INSTRUCTIONS TO FOLLOW:
Copy exactly the line containing "JUALAN RAHMAH BERGERAK" and all the lines that follow it to the end of the records, minus the pictures.

[PROVIDED DATA — start]

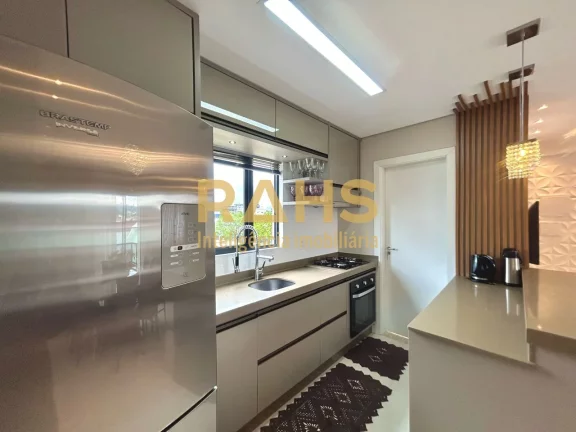Imagem Ótimo apartamento finamente mobiliado localizado no Saguaçu próximo ao BONJA. Possui 91,96m² pri...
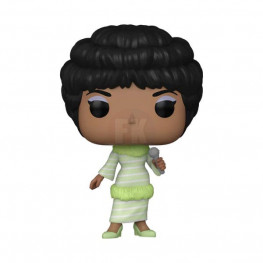 Aretha Franklin POP! Rocks Vinyl figúrka Green Dress 9 cm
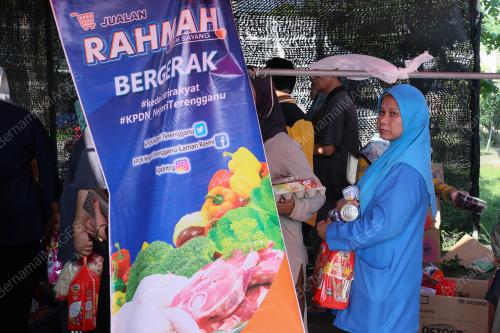 JUALAN RAHMAH BERGERAK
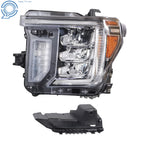 Full LED Headlight for GMC Sierra 2500/3500 HD (2020-2023)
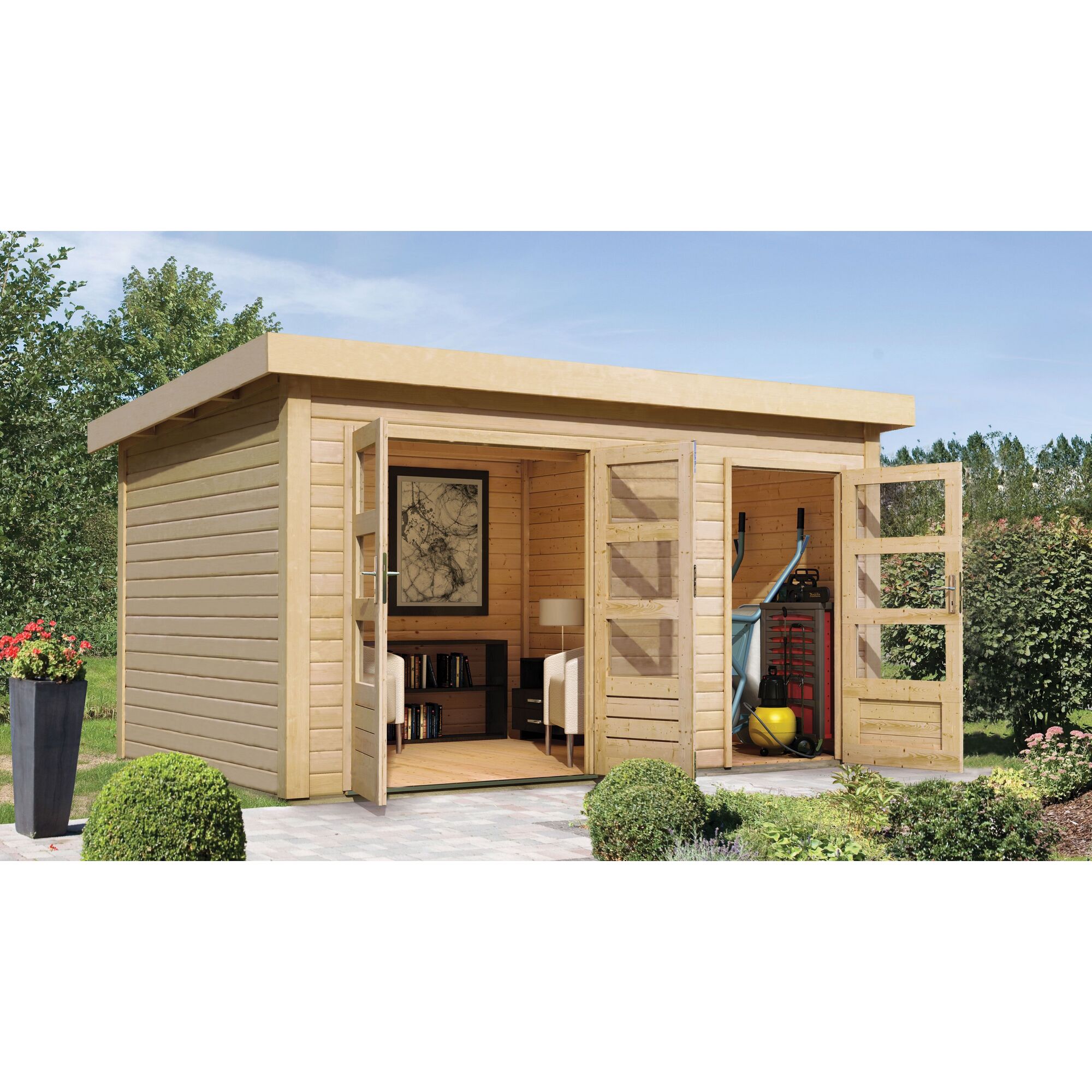 Gerätehaus Flehingen, geöffnet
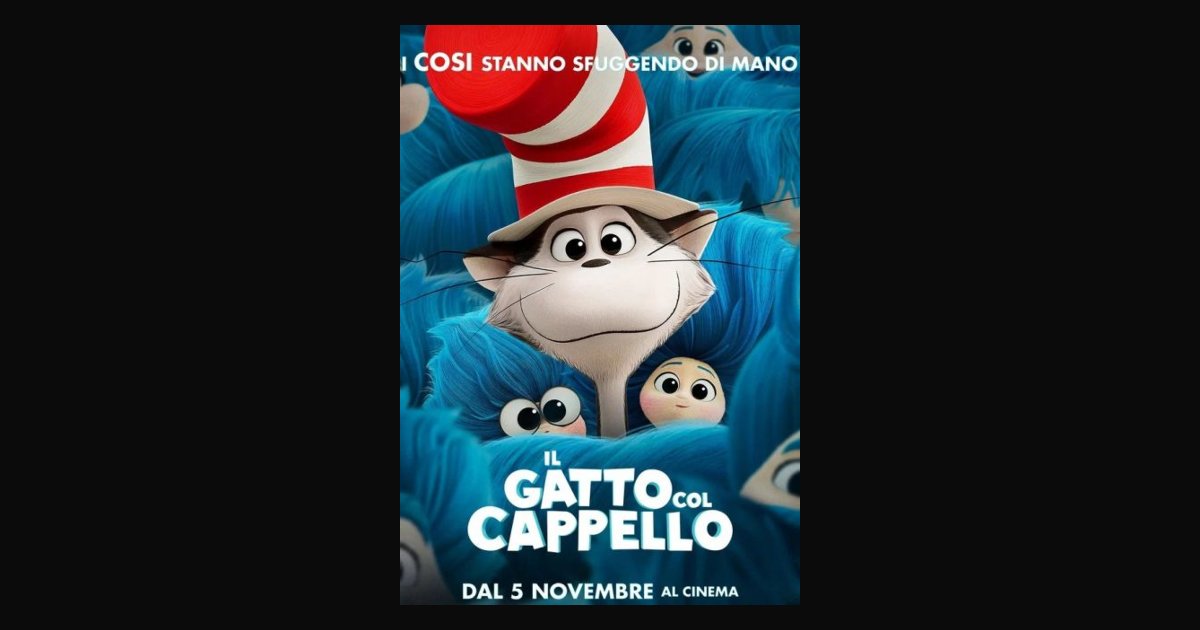 Locandina di Il gatto col cappello [2026]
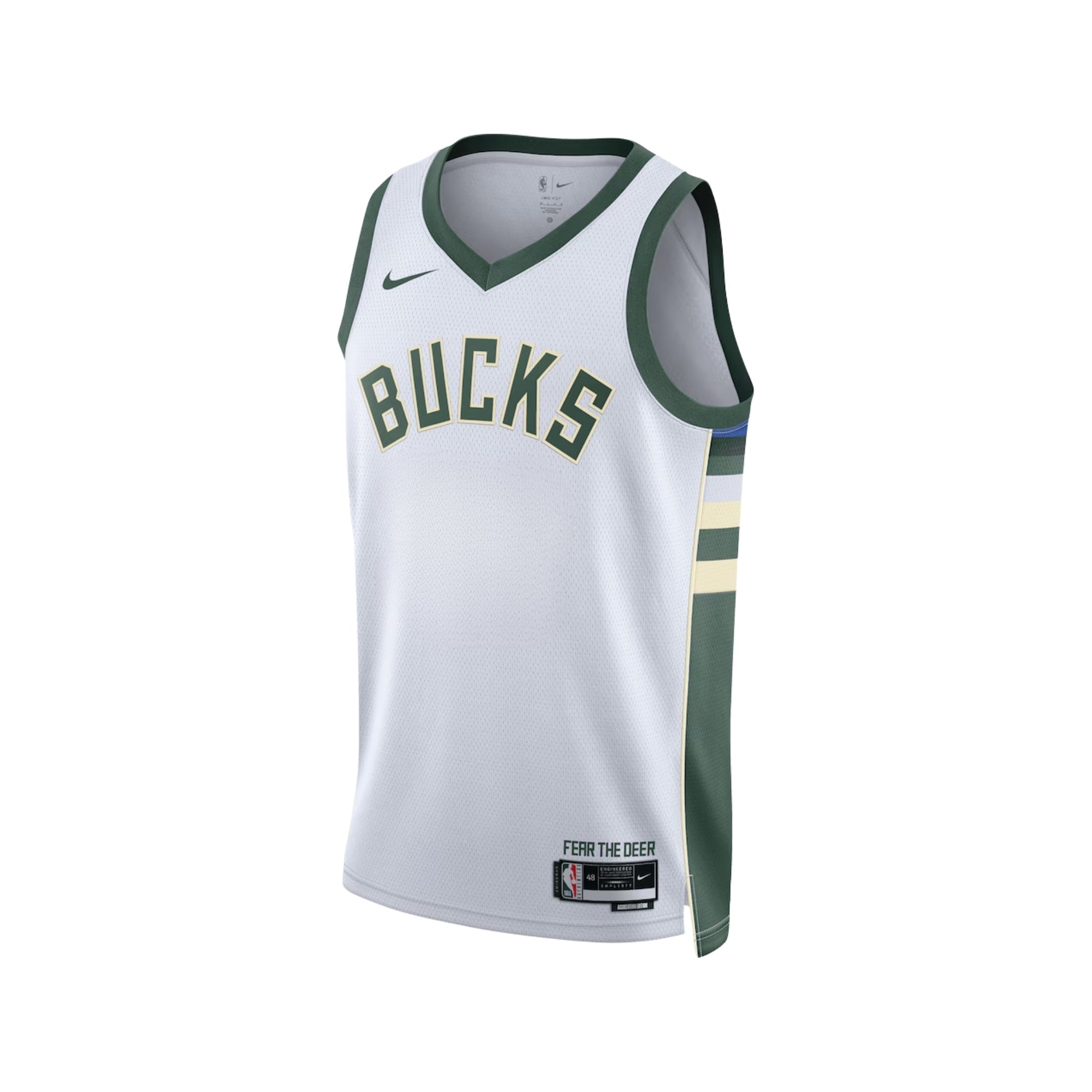 Milwaukee Bucks Association Edition 25/26 - Vue de face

[PROVIDED DATA — finish]

PROBLEM SOLUTION:
 JUALAN RAHMAH BERGERAK
 Full LED Headlight for GMC Sierra 2500/3500 HD (2020-2023)
 Gerätehaus Flehingen, geöffnet
 Locandina di Il gatto col cappello [2026]
 Milwaukee Bucks Association Edition 25/26 - Vue de face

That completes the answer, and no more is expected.